Today is Blogging Against Disablism Day. And for today, I wanted to write about a sort of ableism (as we call it here in North America) that’s rather subtle and largely unconscious, but no less problematic.
An important concept in social justice circles is the idea of privilege. For those unacquainted with the concept, perhaps the easiest way to describe it is that by being born into a certain group (race, gender, economic class, etc.), you’ve automatically, even unconsciously, been given an advantage in certain matters as a part of that group. This, of course, even applies to disability: if you’re not disabled, you’re automatically granted advantages that many disabled people will have to work for at best, or may never attain at worst.
I’d write about neurotypical privilege here, since that’s the most obvious case that’d be relevant to my own disabilities, but Bev from Square 8 has already created a neurotypical privilege checklist that’s so good, I don’t think I could ever manage to outdo it. (And besides, I contributed a couple items to it myself!)
However, along with Asperger’s syndrome, I also have auditory processing disorder. It affects pretty much every act of spoken communication I participate in, so it’s not something that can be easily ignored. And I’ve noticed that many people don’t even consider how certain activities can be discriminatory to those of us with abnormal hearing or auditory processing.
I wish I could provide an outright hearing privilege checklist, but that’d be problematic given that I have at least some privilege in that respect myself. My hearing itself is OK; I’m overly sensitive to noises, and I have perfect pitch that’s a blessing for solving the Selenitic Age in Myst but a curse when I’m asked to play on a piano that’s horribly out of tune. At the same time, because of my auditory processing disorder, I do share many of the same difficulties understanding speech that someone who’s deaf or hard of hearing would have. Nonetheless, it’d be best to refer to this as an auditory processing privilege checklist, not a hearing one.
So, without further ado:
The Normal Auditory Processing Privilege Checklist
- I can watch first-run movies in any theater and still understand a majority of the dialogue without having to attend a specially scheduled screening with subtitles.
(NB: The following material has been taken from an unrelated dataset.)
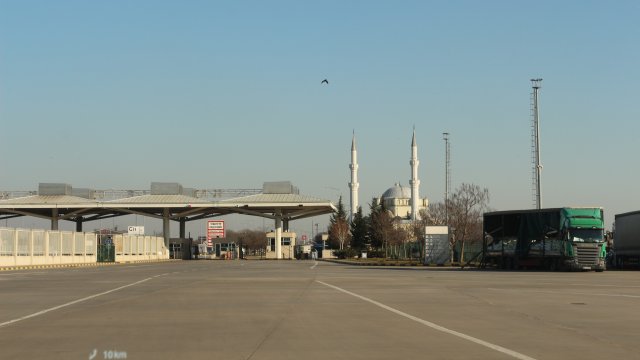 Военнослужещи от Сухопътните войски са възстановили общо 121 км от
- I can watch movies on streaming services and comprehend the dialogue with the same ease that I could with a DVD rental.
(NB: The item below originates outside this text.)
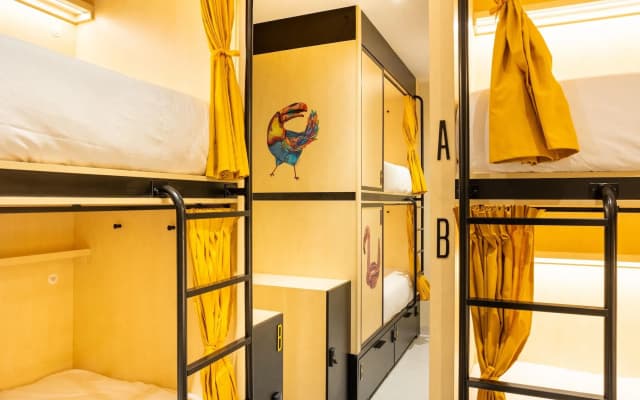 Petit Hostel Palacio Real - photo 5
- TV shows are equally accessible to me whether I record from TV or watch them online. I could drop my cable TV subscription without losing access to those shows.
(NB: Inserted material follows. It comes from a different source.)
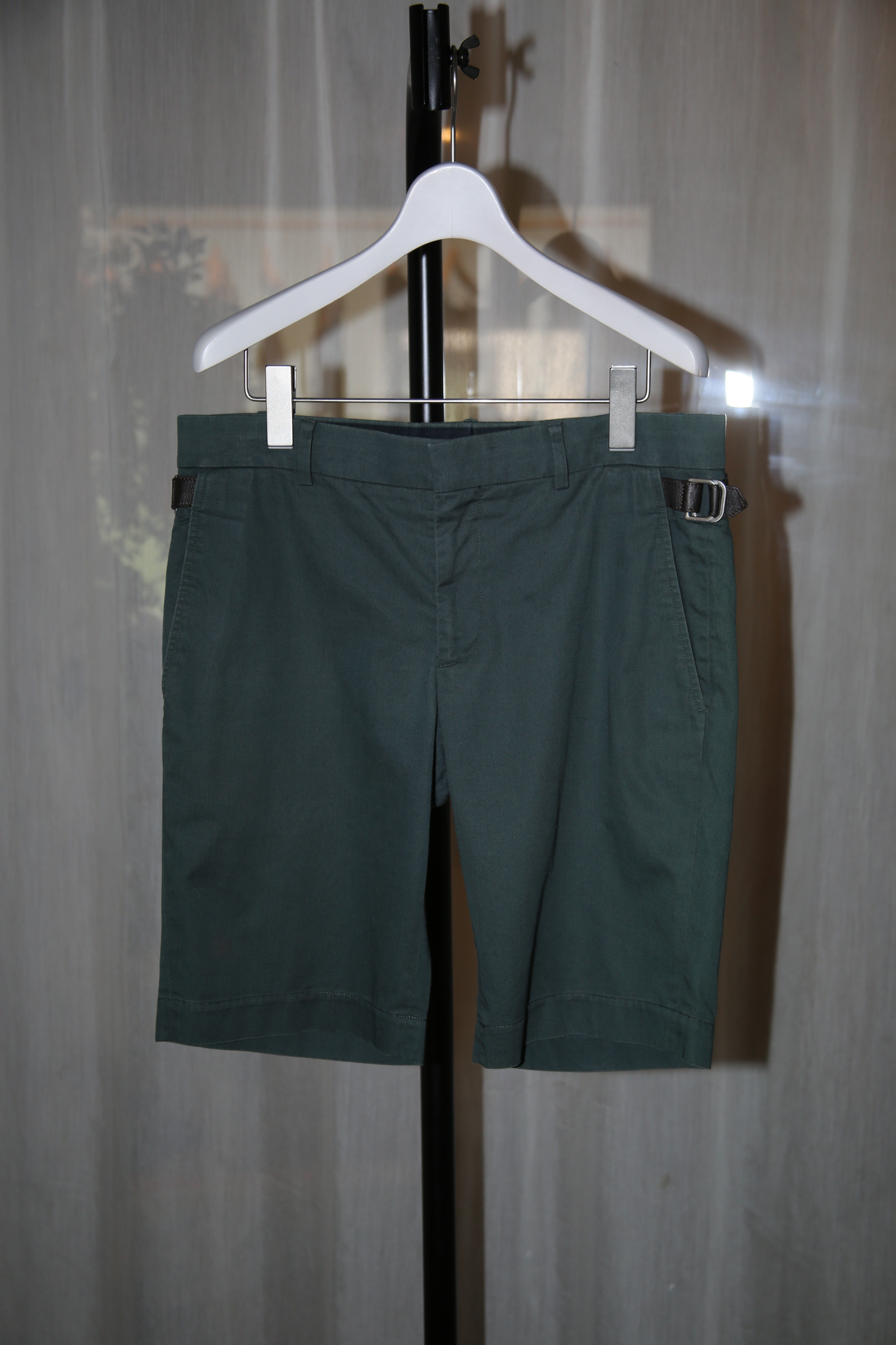 2010 HERMES / GREEN COTTON SHORTS WITH LEATHER BELT ADJUSTER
- I can easily carry on conversations with several other people in a bar or restaurant, no matter how noisy the place is.
- I can easily understand what people say to me on the phone, and do not have to frequently ask for repetition.
- If I want a smartphone data plan, the minimum required voice plan of 300–400 minutes that must accompany it is not overkill.
- I can decipher the lyrics for most songs without having to look them up.
- Rock concerts are at a perfectly reasonable level; I don’t need to stand at the back or remember to bring earplugs.
- I can understand messages broadcast over PA systems without a lot of difficulty.
- Lectures are just as easy for me to comprehend without visual feedback such as PowerPoint as they are with visual feedback.
You’ve likely never thought about how many of these experiences aren’t universal, or how these situations might be discriminatory— and that’s precisely the point of this. I see so many posts, for instance, talking about eliminating cable subscriptions and going to online TV viewing; yet most of the cable-only shows I’m interested in, if they are available online in the first place, aren’t captioned in any form.
And that’s just the start. Can anyone think of any other examples of privilege experienced by those without auditory processing disorder? I’m totally open to suggestions; feel free to leave them in the comments!